I read a book last week called The Heart Does Break, a collection of essays about grief and grieving. The collection was edited by George Bowering and his partner Jean Baird, whose daughter died suddenly. The broad spectrum of the essays; dead mothers, dead fathers, dead children, dead siblings — made the book especially meaningful. We all die. Slowly or quickly, expectedly or suddenly. We are all on a moving sidewalk to nothing. Which is OK and awful, depending on where your brain is at on a given day.
Anyway, the other day I was driving home from somewhere, alone, thinking about how when I finally remember to make a doctor’s appointment, I will surely be diagnosed with a sleeping, rare disease that will kill me in the next six to eight months. And instead of casting this maudlin thought aside, I went with it.
You know how sometimes it just feels good/bad to torture yourself with horrible thoughts? No, really, do you? Or am I the only one.
“Snap out of it,” I said to myself in the car, because I needed to make a left turn and I would rather die in six to eight months from a rare disease than instantly, in traffic, two blocks from home.
It felt somehow necessary and right to indulge in mourning myself. Of course when we die, it is the people who are left who mourn us. But up until the day we die, we must mourn ourselves. I mourn the eventual loss of me. Not all the time. Right now, for example, I am trying to tie this semi-dark post into a bow and somehow link it to today’s prompt, which was not “death” but “aging.”
But isn’t that aging? A long, drawn-out mourning of our selves? It isn’t a bad thing. It isn’t like we are sad all the time that we aren’t what we were, but we acknowledge it. We can accept and love who we are, while still mourning who we were and wondering who we will be, right? That’s what I mean.

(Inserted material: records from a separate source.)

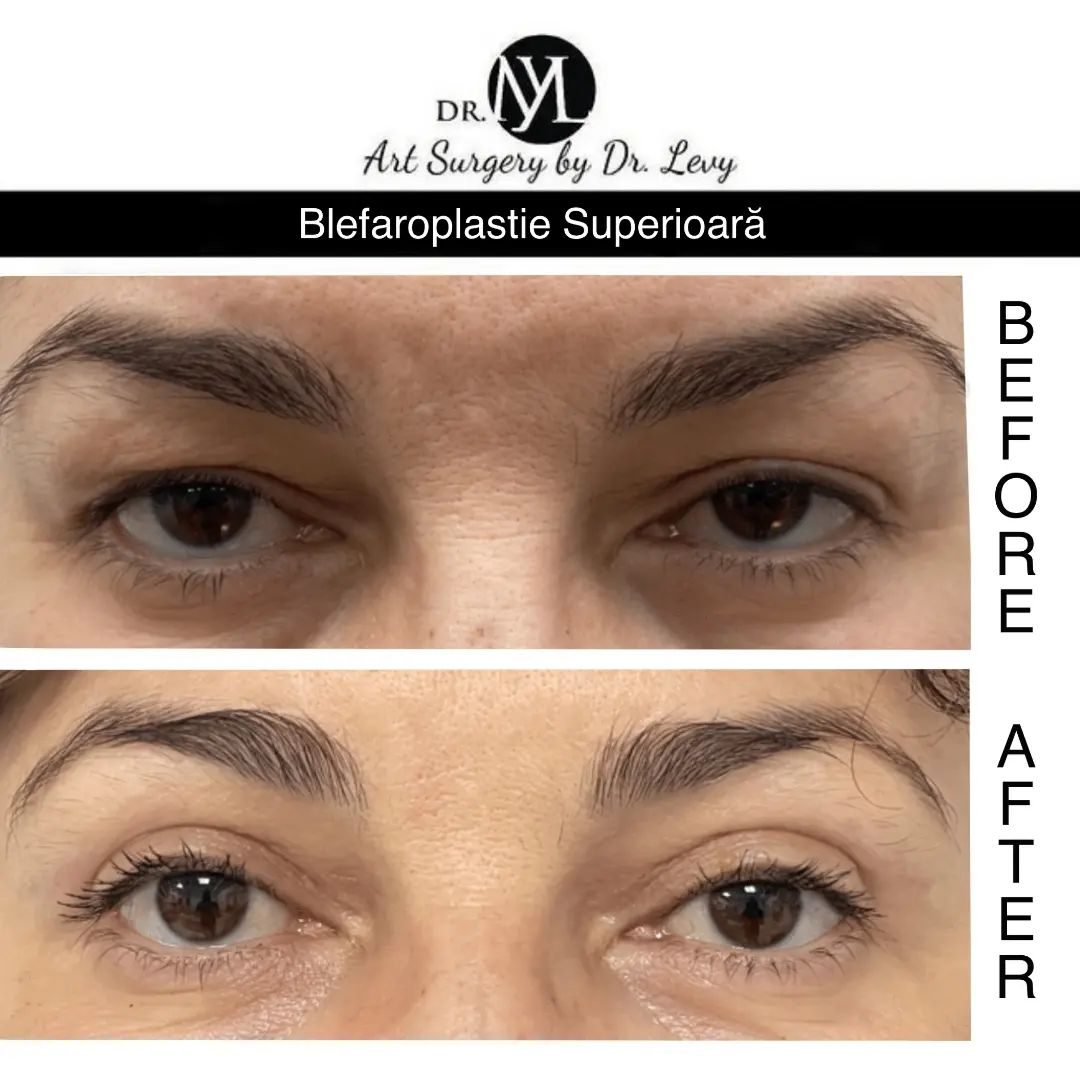 poze operatie blefaroplastie superioara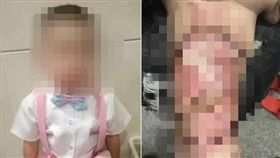 大陸,男童,家暴,燙傷,後母,母親,施暴
微博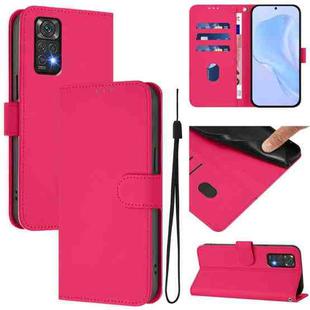 For Redmi Note 11 4G Global Skin Feel Solid Color Leather Phone Case with Lanyard(Rose Red)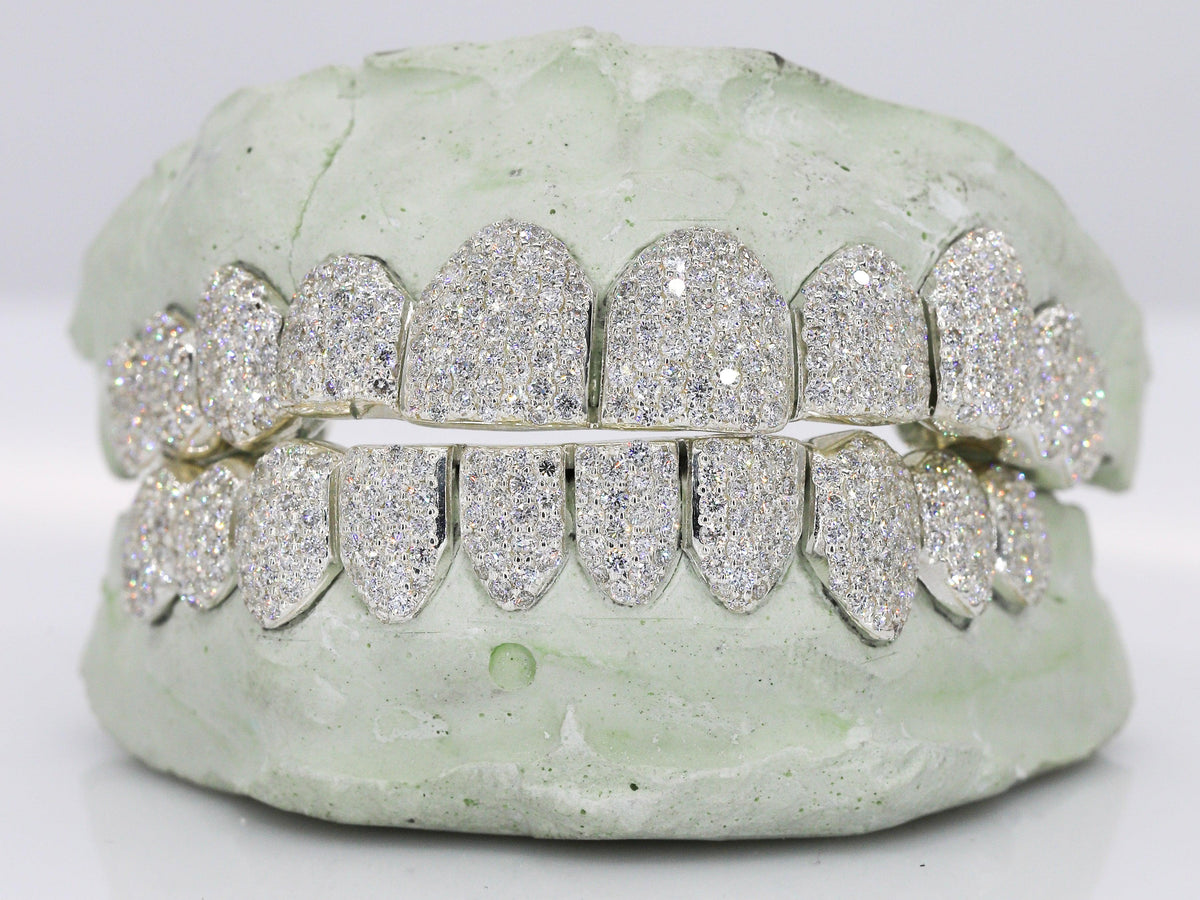 VVS Lab Diamond Grillz – Moissanite Bazaar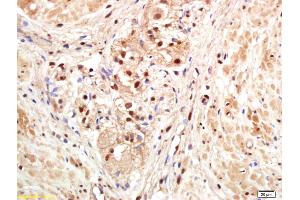 Formalin-fixed and paraffin embedded human gastric carcinoma labeled with Anti-PAPOG Polyclonal Antibody, Unconjugated (ABIN1714858) at 1:200 followed by conjugation to the secondary antibody and DAB staining. (PAPOLG 抗体  (AA 101-200))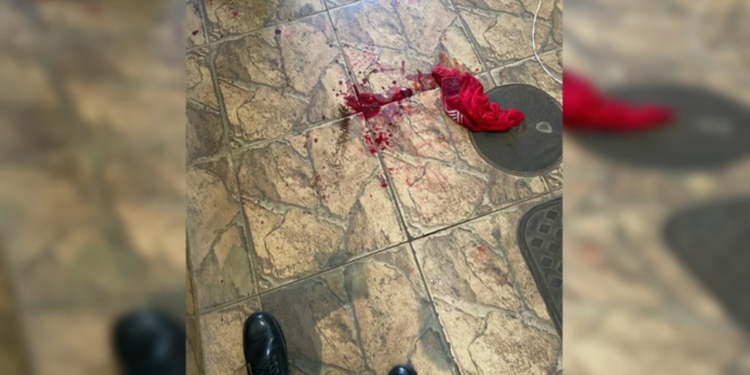 homem-esfaqueia-vizinho-apos-furto-de-cueca-em-varal-;-entenda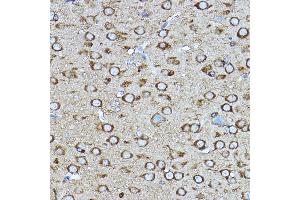 Immunohistochemistry of paraffin-embedded mouse brain using [KO Validated] CRMP2/CRMP2/DPYSL2 Rabbit pAb (ABIN7266769) at dilution of 1:400 (40x lens). (DPYSL2 antibody  (AA 400-500))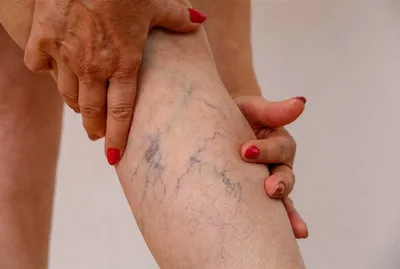 Симптомы тромба в ноге: как их определить и что делать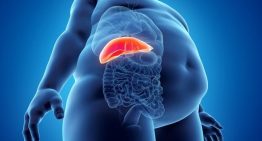 El 80% de jóvenes con sobrepeso padecen hígado graso, enfermedad que puede producir cirrosis o cáncer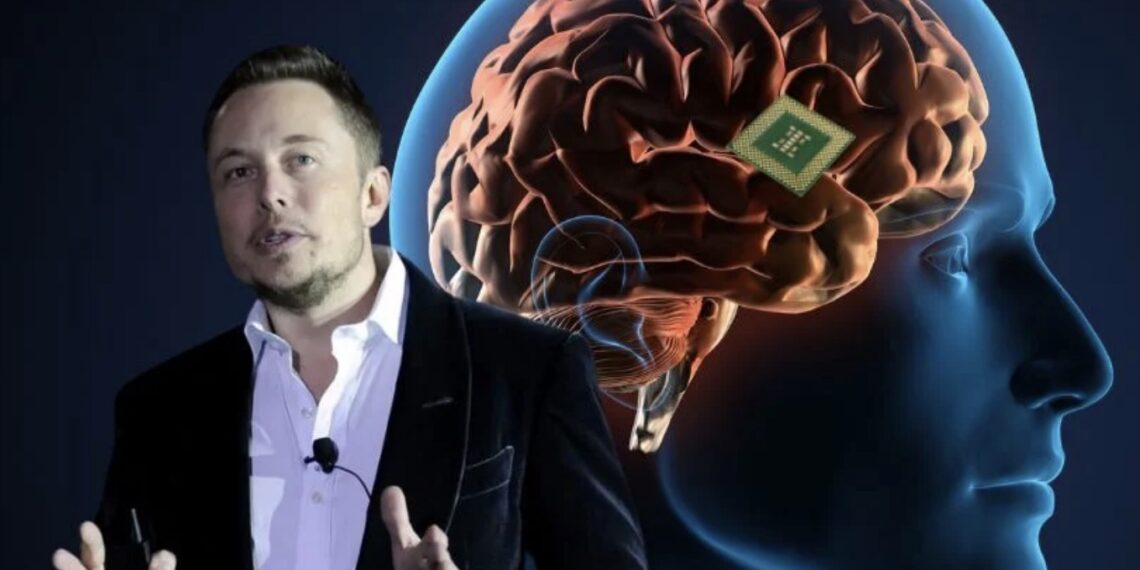 Neuralink quiere conectar cerebros humanos a computadores y ayudar a tratar afecciones neurológicas.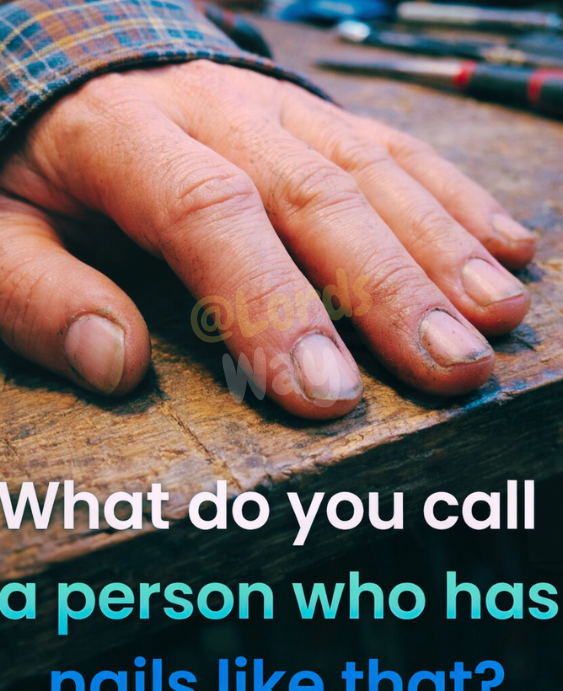 The Truth About Dirt Under Someone’s Fingernails 2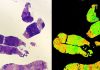 ‘Digistain’ technology offers uprising in detailed cancer diagnosis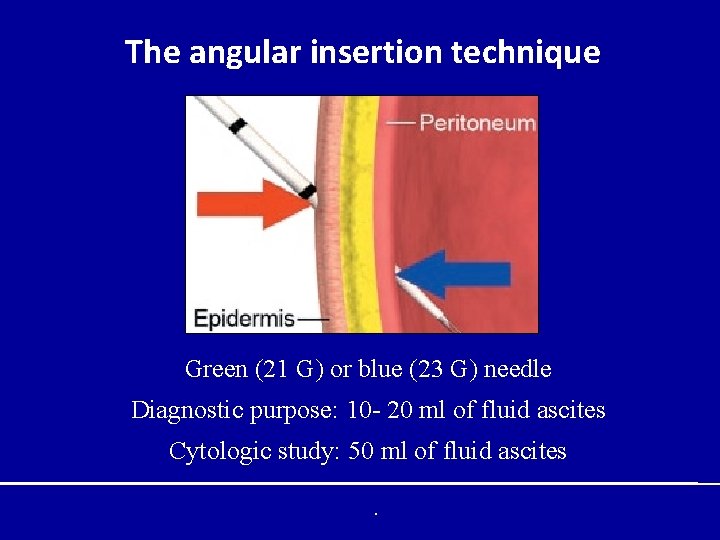 The angular insertion technique Green (21 G) or blue (23 G) needle Diagnostic purpose: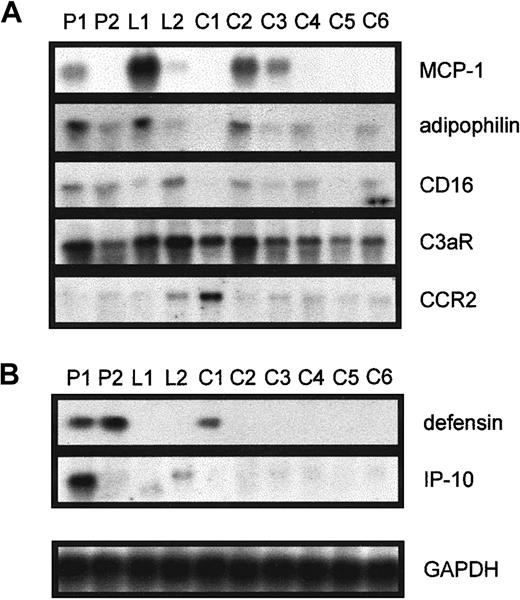 Fig. 1. Northern blot analysis in various individuals for the genes found to be differentially expressed between P1 and C1. / Elutriation-purified monocytes from patients with isolated Lp(a) hyperlipidemia (P1, P2), healthy controls with elevated Lp(a) (L1, L2), and 6 controls with low Lp(a) (C1 to C6) were incubated in 20% autologous serum for 18 hours, RNA was isolated, and 10 μg total RNA was used to investigate the expression of (A) MCP-1, adipophilin, CD16, C3aR, and CCR2 and (B) defensin and IP-10. Equal RNA loading was confirmed by reprobing the blots with GAPDH.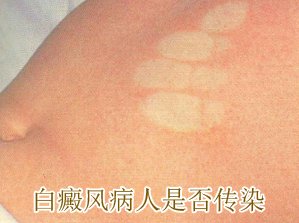 治疗白癜风的特效药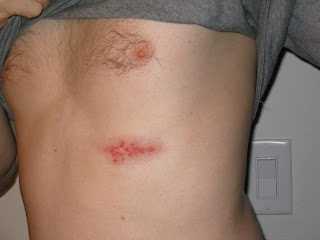 Herpes Zoster Tratamiento Herpes Zoster Tratamiento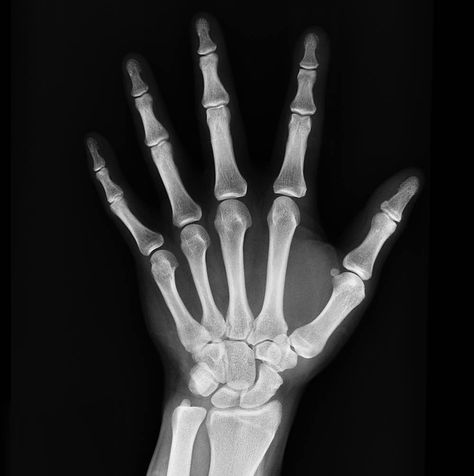 So, your blood work has come in and you are not getting enough calcium. This can be dangerous the older you get, as brittle bones can easily break and take a long time to heal. Here are some practical steps you can take to make sure your bones stay h... Xray Art, Sepia Art, Bone Loss, Bone Density, Human Hand, Hand Tattoo, Radiology, Bone Health, X Ray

Here is my governing principle. I call it the “Like It Or Not” (LION) principle. I have recently started applying it to those aspects of parenting that I can not or should not attempt to control, to great effect.
For example, if I harass Trombone while he is in the bathroom, he takes 15 minutes in the bathroom. If I ignore Trombone while he is in the bathroom, he takes 15 minutes in the bathroom. End result: kid takes forever in the bathroom. However: if I ignore Trombone while he is in the bathroom, I am much happier and can enjoy my meal.
Following this logic, struggling and fighting against my appearance changing as I age is the same as fighting aging, isn’t it? I think it is. I mean, people dye their grey hair because they don’t want to look “old” right? And they don’t want to look old because they don’t want to think about their lives ending?
So if I fight aging, by dyeing and nipping and tucking and botoxing and generally attempting to present to the world a Person Who Is Frozen In Time At Age 40, I will still die. Today or next year or when I’m 88.
And if I don’t fight. If I just go grey, and get wrinkled, and develop saggy skin and have perpetual eye bags, I will still die. Today or next year or when I’m 88. (And I’m talking about typical aging, not bodies that crumble due to chronic illness or injury.)
But in the latter case, I will have more money and energy to spend on vacations and wine and good food and gifts for friends and books and pretty earrings and dog food for my dog. Up until the day I die; today or next year or when I’m 88.
You can call me lazy and cheap – and in a few years, you might even call me ugly! – for not applying eye cream every night, but I believe in the path of least resistance. If you are going to end up in the same location, regardless of effort expended, why not save your energy and enjoy the journey.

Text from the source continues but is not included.